— Task details —
Where the listing shows an image, skip it and output all other material unchanged.

— Collected data —
__________________________________________________

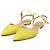 Autre Marque Pellico Pointed Toe Sandalen aus Wildleder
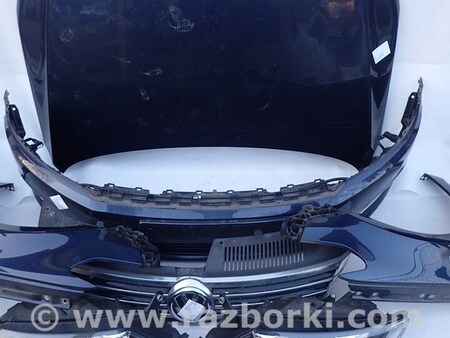 ФОТО Капот для Volkswagen Passat CC (01.2012-12.2016) Киев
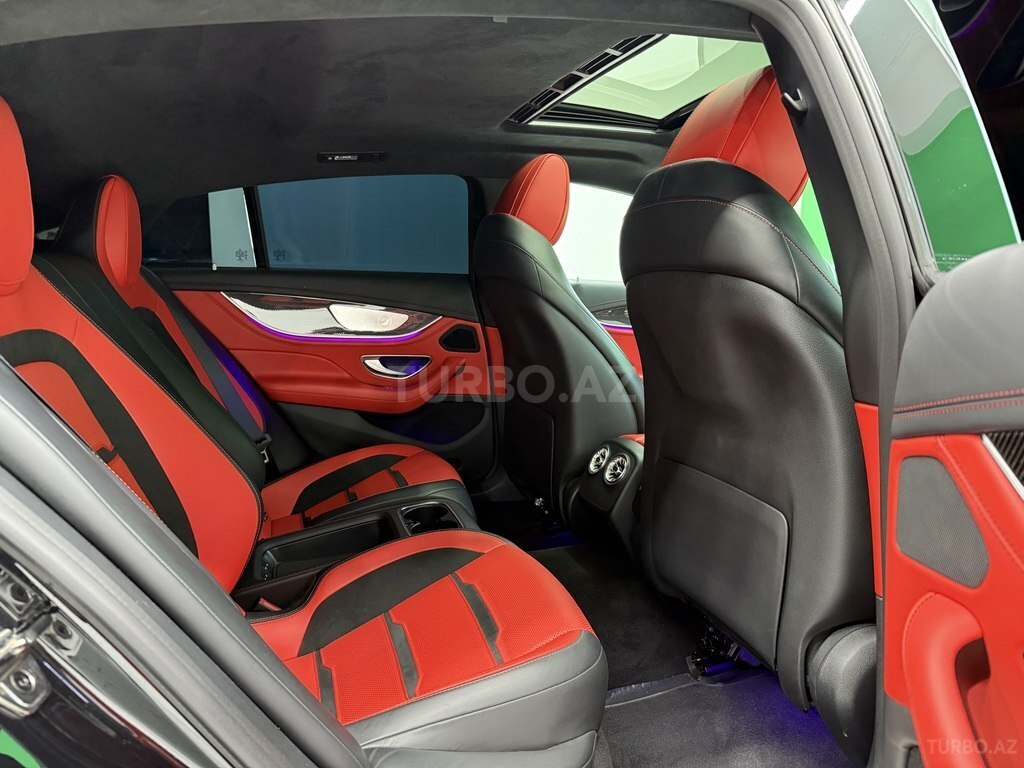 Mercedes AMG GT 43 4MATIC+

__________________________________________________

— Answer —
 Autre Marque Pellico Pointed Toe Sandalen aus Wildleder
 ФОТО Капот для Volkswagen Passat CC (01.2012-12.2016) Киев
 Mercedes AMG GT 43 4MATIC+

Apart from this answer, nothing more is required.